Start of Exercise input

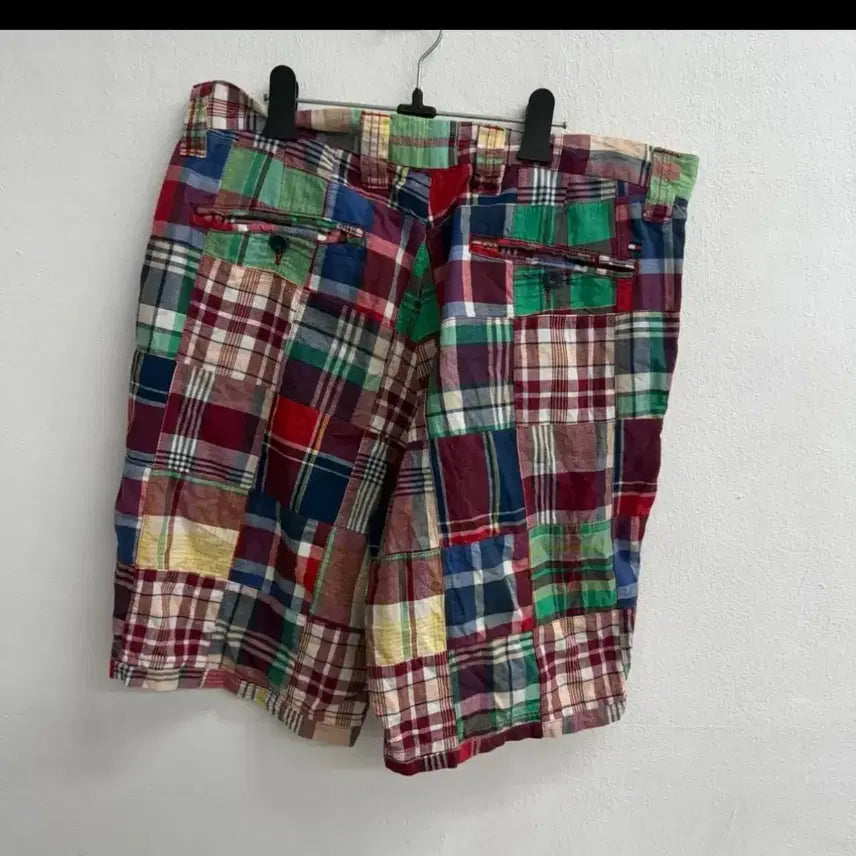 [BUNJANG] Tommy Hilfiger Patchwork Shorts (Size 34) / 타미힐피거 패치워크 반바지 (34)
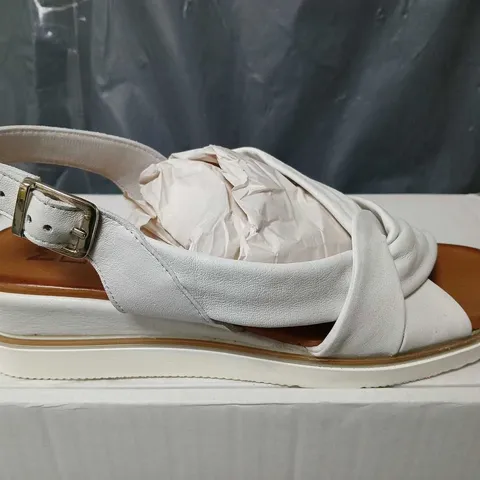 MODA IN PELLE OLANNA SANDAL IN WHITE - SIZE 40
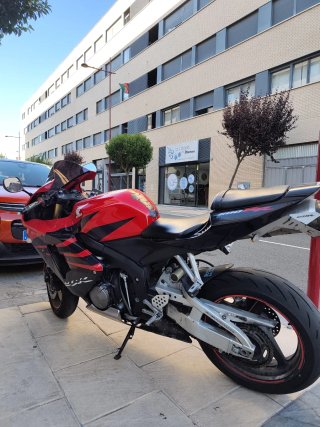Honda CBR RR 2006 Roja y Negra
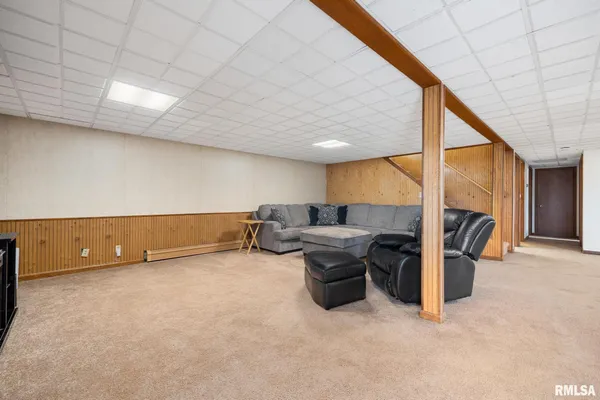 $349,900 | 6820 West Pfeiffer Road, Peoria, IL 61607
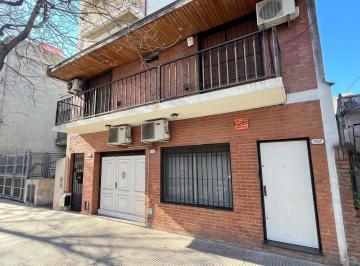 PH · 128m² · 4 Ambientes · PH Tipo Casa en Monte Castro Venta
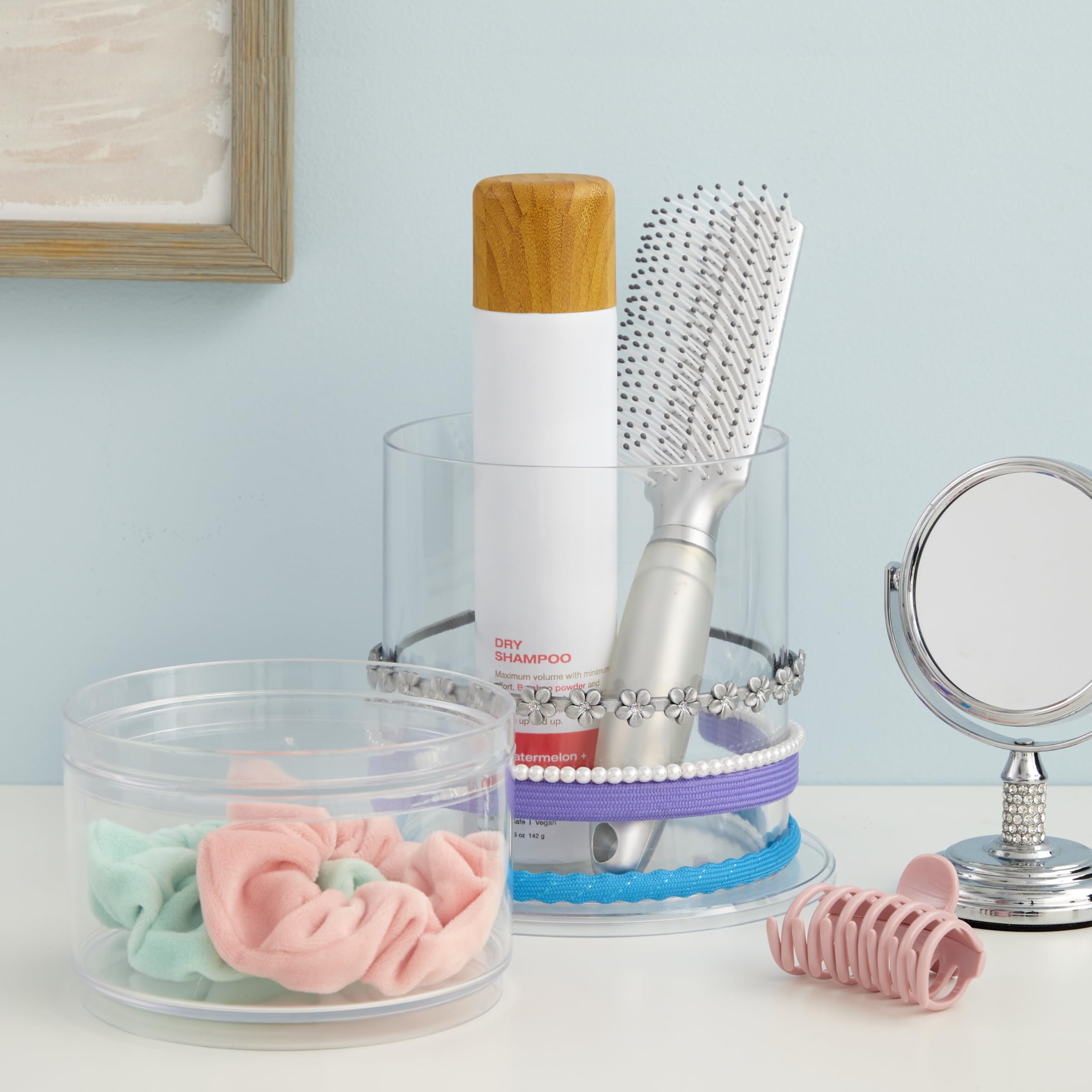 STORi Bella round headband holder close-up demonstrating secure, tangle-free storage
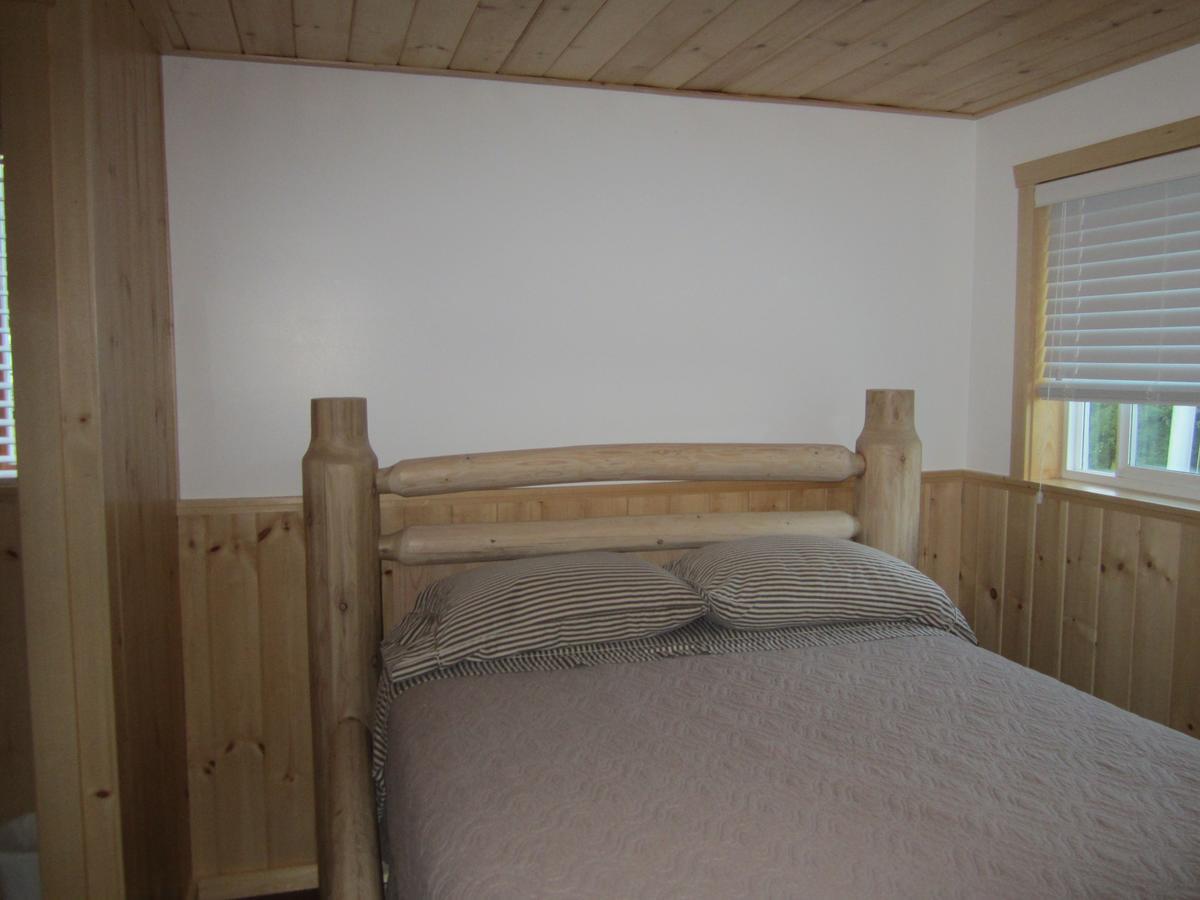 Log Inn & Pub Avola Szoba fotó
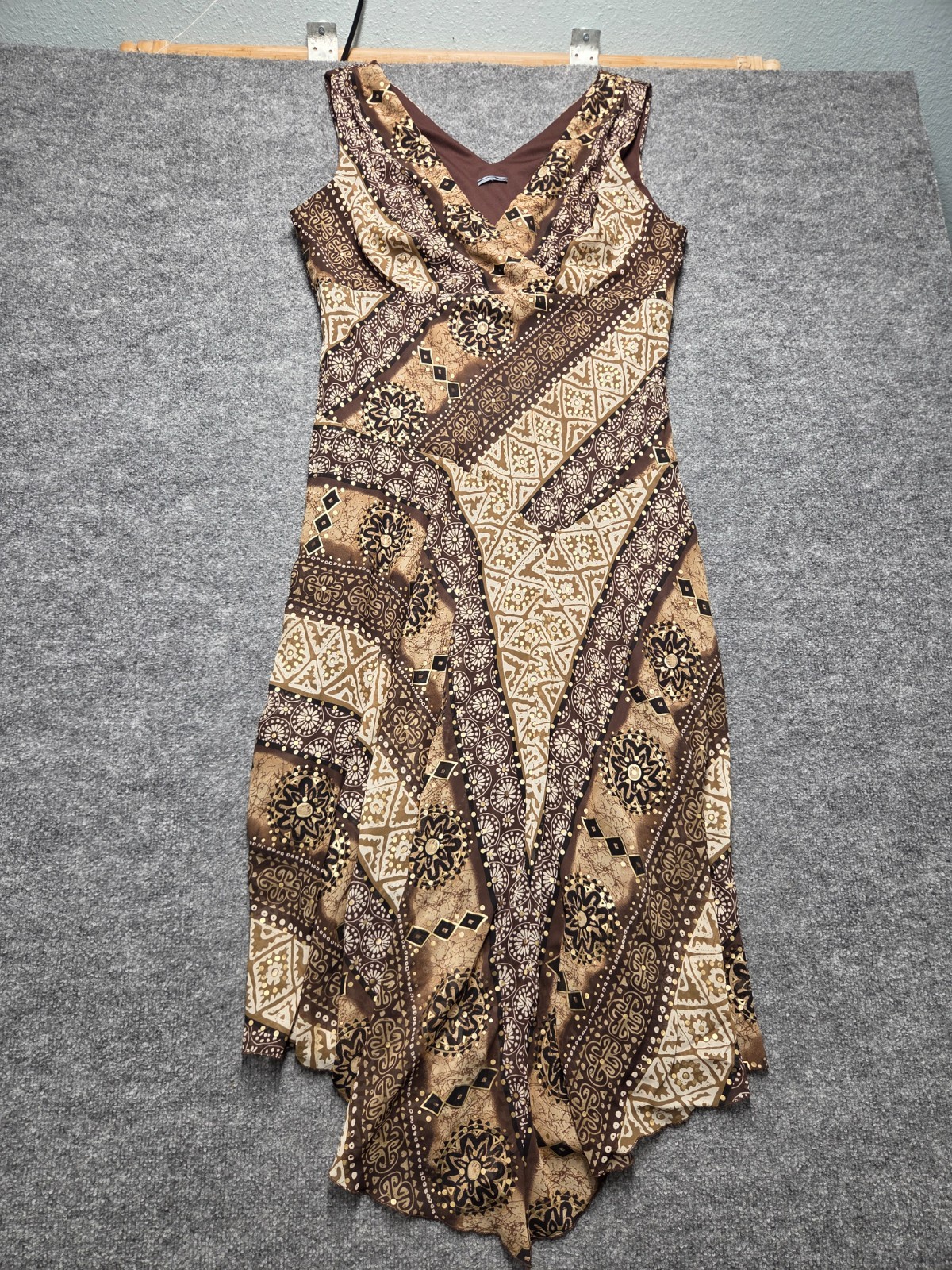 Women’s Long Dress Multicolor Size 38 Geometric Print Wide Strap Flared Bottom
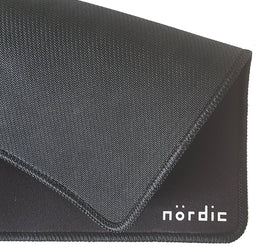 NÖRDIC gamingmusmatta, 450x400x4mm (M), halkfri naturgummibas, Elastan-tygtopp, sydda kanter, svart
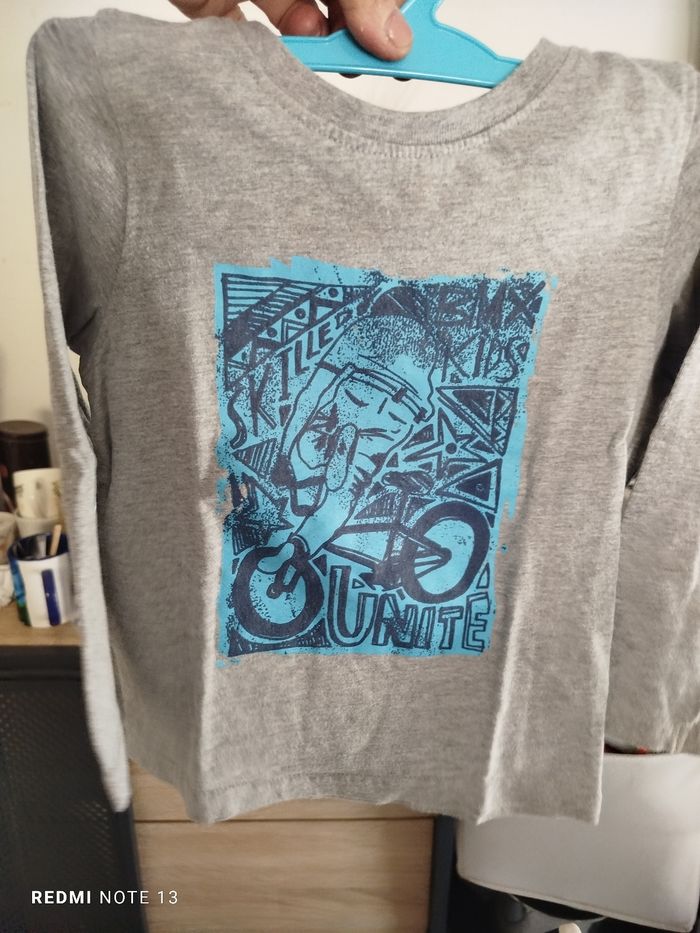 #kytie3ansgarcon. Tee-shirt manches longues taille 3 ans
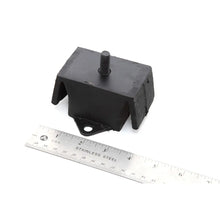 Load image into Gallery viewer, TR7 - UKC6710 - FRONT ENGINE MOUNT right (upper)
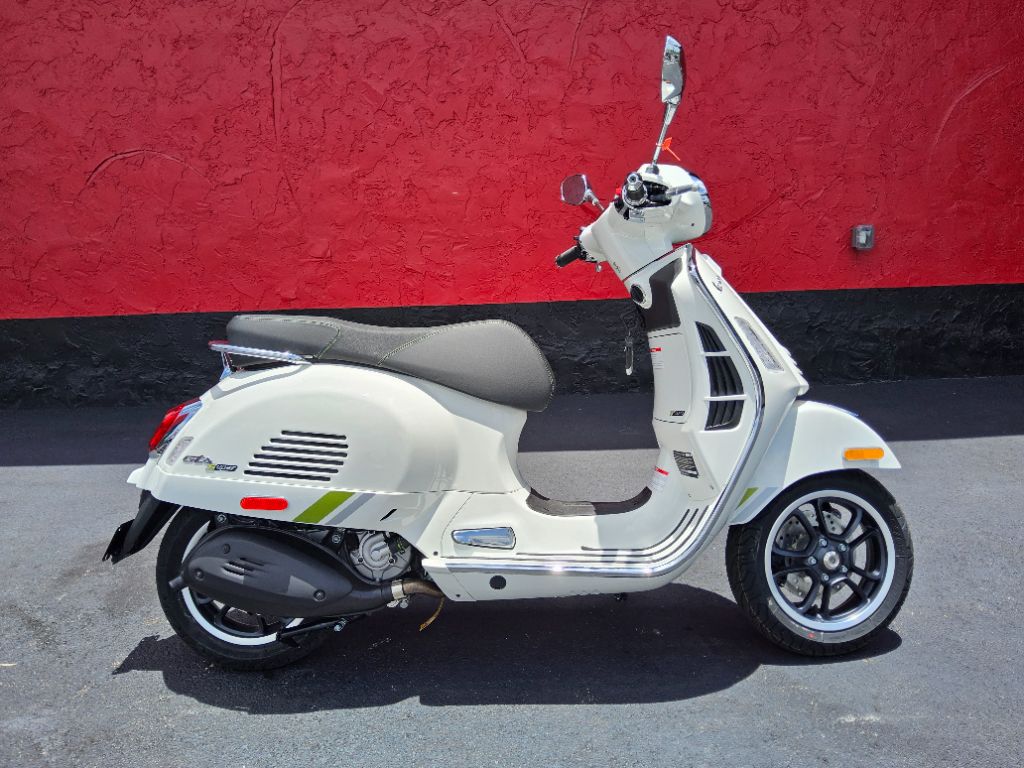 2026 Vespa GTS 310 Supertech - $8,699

End of Exercise input

*Exercise directions*
Write out all the entries word for word, but skip any images.

*Answer for this exercise*
 [BUNJANG] Tommy Hilfiger Patchwork Shorts (Size 34) / 타미힐피거 패치워크 반바지 (34)
 MODA IN PELLE OLANNA SANDAL IN WHITE - SIZE 40
Honda CBR RR 2006 Roja y Negra
 $349,900 | 6820 West Pfeiffer Road, Peoria, IL 61607
 PH · 128m² · 4 Ambientes · PH Tipo Casa en Monte Castro Venta
 STORi Bella round headband holder close-up demonstrating secure, tangle-free storage
 Log Inn & Pub Avola Szoba fotó
 Women’s Long Dress Multicolor Size 38 Geometric Print Wide Strap Flared Bottom
 NÖRDIC gamingmusmatta, 450x400x4mm (M), halkfri naturgummibas, Elastan-tygtopp, sydda kanter, svart
 #kytie3ansgarcon. Tee-shirt manches longues taille 3 ans
 Load image into Gallery viewer, TR7 - UKC6710 - FRONT ENGINE MOUNT right (upper)
 2026 Vespa GTS 310 Supertech - $8,699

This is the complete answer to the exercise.